化石記録に対する進化論者の見方についても,同じことが言えます。長年,研究者たちは化石の大多数 ― 映画の95コマ ― が示している事実を無視していました。生物種が長い年月にわたってほとんど変化していないという事実です。これほど重要な証拠をどうして度外視したのでしょうか。著述家のリチャード・モリスはこう述べています。「古生物学者は,反対証拠が見つかろうとも,緩やかな進化的変化に関する従来の考え方を採用し,それにしがみついていたようだ。広く受け入れられていた進化論的観点から化石証拠を解釈しようとしていたのである」。37

「化石を並べて,それが一つの系統を表わしているとする主張は,検証可能な科学的仮説などではなく,おとぎ話と同等の妥当性しかない。耳に心地よく,教育的ですらあるかもしれないが,科学的ではない」。―「地質学的時間の探究 ― 化石記録を超え,新たな生命史へ」(英語),ヘンリー・ジー著,116-117ページ

現代の進化論者についてはどうでしょうか。進化論者が今も化石をある順序に並べるのは,その順序が化石の大多数と遺伝学的証拠によって十分に裏づけられているからですか。それとも,現在受け入れられている進化論と調和させるためですか。 e

あなたはどう考えますか: 事実からすれば,どんな結論が最も妥当でしょうか。これまで見てきた事実をまとめてみましょう。

  • 地球上の最初の生命は“単純”ではなかった。

  • 細胞の構成要素だけでも,偶然に生じる可能性は,天文学的数字になる。

  • 細胞を動かしている“コンピュータープログラム”であるDNA暗号は,途方もなく複雑で,人間の作ったどんなプログラムや情報記憶システムをもはるかに凌ぐ知性の存在を示唆している。

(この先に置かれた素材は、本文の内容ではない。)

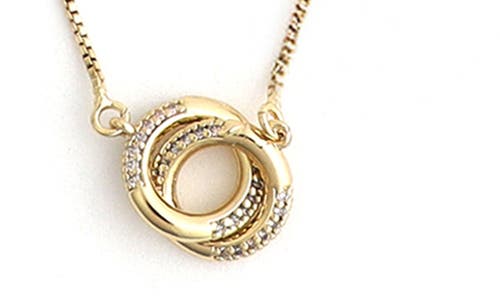 Panacea Pavé Cubic Zirconia Circle Link Pendant Necklace In Gold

  • 遺伝子研究によると,生命は一つの共通の祖先から出たわけではない。そのうえ,動物の主要グループは,化石記録の中で突然現われている。

こうした事実を踏まえて考えると,生命の起源に関する聖書の説明は事実と一致している,と言えるのではないでしょうか。しかし,多くの人は,聖書の創造に関する記述の大半は科学と矛盾していると言います。本当にそうなのでしょうか。聖書は実際には何と述べていますか。

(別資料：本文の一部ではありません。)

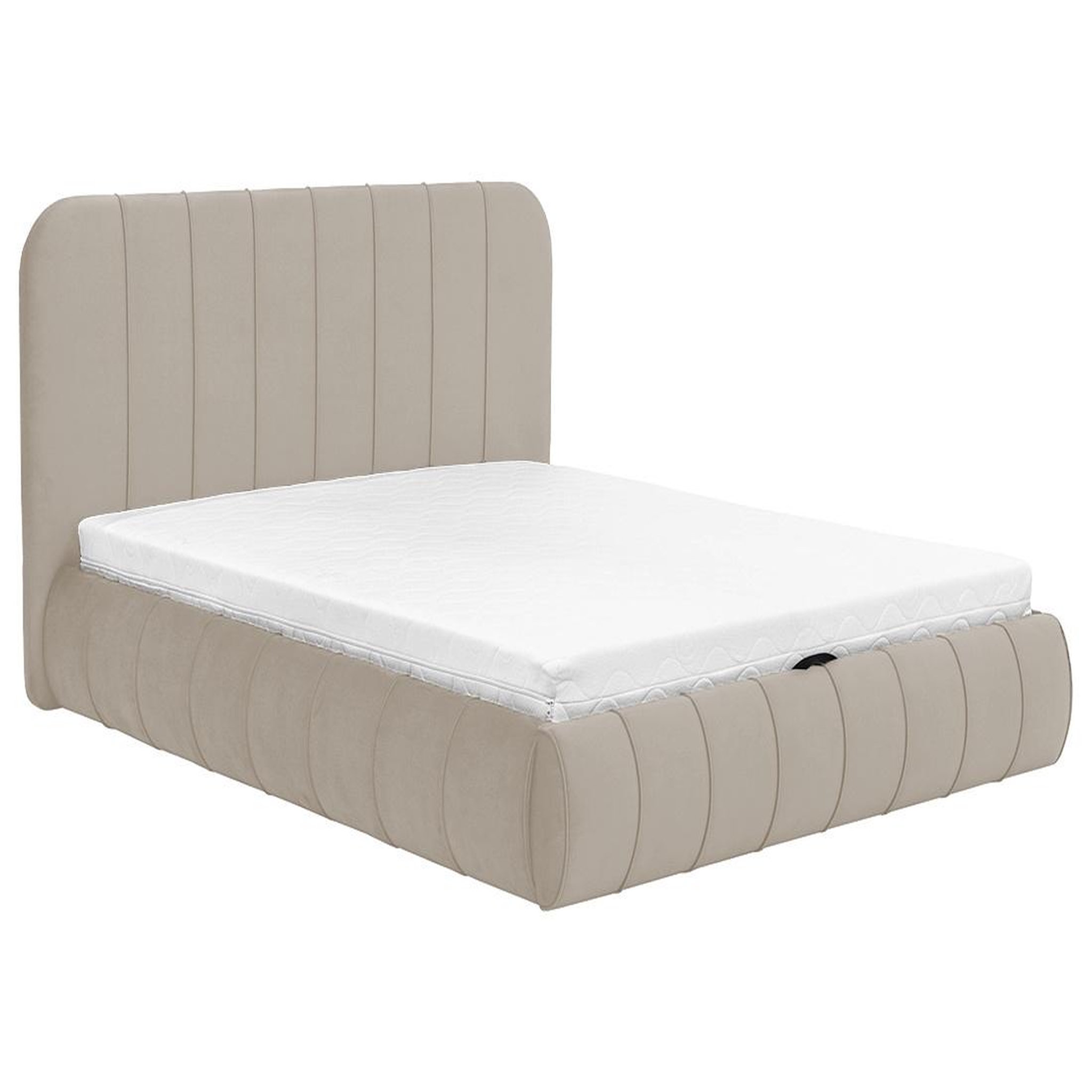 BEST MOBILIER Elsa - lit coffre - 160x200 cm - en velours - sommier inclus. Coloris disponibles : Beige, Rose, Gris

a 生物学で用いる門という語は,同じ基本構造を持つ生物の大きなグループを指します。全生物の分類法として,7階級に分ける方法があり,階級が下がるにつれ細分化されます。最上級は界で,門,綱,目,科,属,種と続きます。例えば,ライオンは,動物界,脊索動物門,哺乳綱,食肉目,ネコ科,ヒョウ属,ライオン種になります。

b 注目すべきなのは,ニュー・サイエンティスト誌もバテストやローズも,進化論が間違っているとは述べていないことです。ダーウィンの理論の要である生命の樹には裏づけとなる証拠がない,と言いたいのです。彼らは依然として,進化論に関する別の説明を模索しています。

c ヘンリー・ジーは進化論が間違いであるとは述べていません。化石記録から分かることには限界があると言っているにすぎません。

d マルコム・S・ゴードンは進化論者です。

e 27-29ページの「 人類の進化についてはどうか」をご覧ください。

f 「ミッシング-リンク【missing link】(「失われた環」の意)生物の系統進化において,現生生物と既知の化石生物との間を繋ぐべき未発見の化石生物。これが発見されると,進化の系列がつながる」。―「広辞苑」,岩波書店発行。

g ここに出てくる研究者たちは皆,創造に関する聖書の教えを信じていない進化論者です。

h 「ヒト科の動物」とは,進化論支持の研究者が,人類や,ヒトに似た先史時代の種のことを指して用いる語です。